On 26.06.19 10:13, Oscar Salvador wrote:
> On Tue, Jun 25, 2019 at 10:49:10AM +0200, David Hildenbrand wrote:
>> On 25.06.19 09:52, Oscar Salvador wrote:
>>> Physical memory hotadd has to allocate a memmap (struct page array) for
>>> the newly added memory section. Currently, alloc_pages_node() is used
>>> for those allocations.
>>>
>>> This has some disadvantages:
>>>  a) an existing memory is consumed for that purpose
>>>     (~2MB per 128MB memory section on x86_64)
>>>  b) if the whole node is movable then we have off-node struct pages
>>>     which has performance drawbacks.
>>>
>>> a) has turned out to be a problem for memory hotplug based ballooning
>>>    because the userspace might not react in time to online memory while
>>>    the memory consumed during physical hotadd consumes enough memory to
>>>    push system to OOM. 31bc3858ea3e ("memory-hotplug: add automatic onlining
>>>    policy for the newly added memory") has been added to workaround that
>>>    problem.
>>>
>>> I have also seen hot-add operations failing on powerpc due to the fact
>>> that we try to use order-8 pages. If the base page size is 64KB, this
>>> gives us 16MB, and if we run out of those, we simply fail.
>>> One could arge that we can fall back to basepages as we do in x86_64, but
>>> we can do better when CONFIG_SPARSEMEM_VMEMMAP is enabled.
>>>
>>> Vmemap page tables can map arbitrary memory.
>>> That means that we can simply use the beginning of each memory section and
>>> map struct pages there.
>>> struct pages which back the allocated space then just need to be treated
>>> carefully.
>>>
>>> Implementation wise we reuse vmem_altmap infrastructure to override
>>> the default allocator used by __vmemap_populate.
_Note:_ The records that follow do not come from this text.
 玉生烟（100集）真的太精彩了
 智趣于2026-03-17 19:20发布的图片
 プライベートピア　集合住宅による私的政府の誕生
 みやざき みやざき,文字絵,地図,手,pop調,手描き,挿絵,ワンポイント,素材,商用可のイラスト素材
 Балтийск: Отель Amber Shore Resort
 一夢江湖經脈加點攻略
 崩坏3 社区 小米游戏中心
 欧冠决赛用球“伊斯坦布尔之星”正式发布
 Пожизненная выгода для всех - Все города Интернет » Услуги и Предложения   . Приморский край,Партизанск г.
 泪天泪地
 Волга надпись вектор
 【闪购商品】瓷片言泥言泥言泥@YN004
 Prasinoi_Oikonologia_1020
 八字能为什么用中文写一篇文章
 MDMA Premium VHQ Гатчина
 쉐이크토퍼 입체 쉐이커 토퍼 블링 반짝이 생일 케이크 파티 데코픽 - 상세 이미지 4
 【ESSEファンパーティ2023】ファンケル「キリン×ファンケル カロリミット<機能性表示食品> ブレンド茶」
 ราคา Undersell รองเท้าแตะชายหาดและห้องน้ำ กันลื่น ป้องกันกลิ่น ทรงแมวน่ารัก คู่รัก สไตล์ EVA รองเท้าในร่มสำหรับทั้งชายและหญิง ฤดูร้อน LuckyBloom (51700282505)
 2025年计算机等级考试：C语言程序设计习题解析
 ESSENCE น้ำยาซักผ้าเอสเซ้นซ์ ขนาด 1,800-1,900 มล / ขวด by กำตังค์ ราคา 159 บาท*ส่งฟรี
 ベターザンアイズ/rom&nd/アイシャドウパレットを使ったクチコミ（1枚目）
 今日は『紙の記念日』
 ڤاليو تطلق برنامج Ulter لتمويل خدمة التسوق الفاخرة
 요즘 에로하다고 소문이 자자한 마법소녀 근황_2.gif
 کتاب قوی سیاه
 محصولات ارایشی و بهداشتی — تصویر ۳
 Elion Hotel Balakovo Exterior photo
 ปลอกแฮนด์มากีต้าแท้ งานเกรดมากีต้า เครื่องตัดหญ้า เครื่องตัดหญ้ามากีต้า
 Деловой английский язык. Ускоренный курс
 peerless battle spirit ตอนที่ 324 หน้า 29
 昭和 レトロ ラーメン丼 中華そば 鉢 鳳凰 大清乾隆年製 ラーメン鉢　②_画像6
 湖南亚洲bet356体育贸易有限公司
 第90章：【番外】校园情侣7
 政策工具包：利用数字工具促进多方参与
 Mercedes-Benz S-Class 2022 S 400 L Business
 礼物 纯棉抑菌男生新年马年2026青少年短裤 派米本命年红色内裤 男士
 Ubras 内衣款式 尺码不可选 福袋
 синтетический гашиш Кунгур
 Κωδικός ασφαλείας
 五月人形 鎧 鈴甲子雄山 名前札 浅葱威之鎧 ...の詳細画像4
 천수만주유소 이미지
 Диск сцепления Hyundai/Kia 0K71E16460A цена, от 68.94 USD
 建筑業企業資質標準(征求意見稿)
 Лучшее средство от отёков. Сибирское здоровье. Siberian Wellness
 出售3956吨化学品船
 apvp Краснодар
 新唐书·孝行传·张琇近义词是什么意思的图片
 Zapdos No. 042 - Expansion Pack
Once the memmap is
>>> allocated we need a way to mark altmap pfns used for the allocation.
>>> If MHP_MEMMAP_{DEVICE,MEMBLOCK} flag was passed, we set up the layout of the
>>> altmap structure at the beginning of __add_pages(), and then we call
>>> mark_vmemmap_pages().
>>>
>>> Depending on which flag is passed (MHP_MEMMAP_DEVICE or MHP_MEMMAP_MEMBLOCK),
>>> mark_vmemmap_pages() gets called at a different stage.
>>> With MHP_MEMMAP_MEMBLOCK, we call it once we have populated the sections
>>> fitting in a single memblock, while with MHP_MEMMAP_DEVICE we wait until all
>>> sections have been populated.
>>
>> So, only MHP_MEMMAP_DEVICE will be used. Would it make sense to only
>> implement one for now (after we decide which one to use), to make things
>> simpler?
>>
>> Or do you have a real user in mind for the other?
> 
> Currently, only MHP_MEMMAP_DEVICE will be used, as we only pass flags from
> acpi memory-hotplug path.
> 
> All the others: hyper-v, Xen,... will have to be evaluated to see which one
> do they want to use.
> 
> Although MHP_MEMMAP_DEVICE is the only one used right now, I introduced
> MHP_MEMMAP_MEMBLOCK to give the callers the choice of using MHP_MEMMAP_MEMBLOCK
> if they think that a strategy where hot-removing works in a different granularity
> makes sense.
> 
> Moreover, since they both use the same API, there is no extra code needed to
> handle it. (Just two lines in __add_pages())
> 
> This arose here [1].
> 
> [1] https://patchwork.kernel.org/project/linux-mm/list/?submitter=137061
> 

Just noting that you can emulate MHP_MEMMAP_MEMBLOCK via
MHP_MEMMAP_DEVICE by adding memory in memory block granularity (which is
what hyper-v and xen do if I am not wrong!).

Not yet convinced that both, MHP_MEMMAP_MEMBLOCK and MHP_MEMMAP_DEVICE
are needed. But we can sort that out later.

-- 

Thanks,

David / dhildenb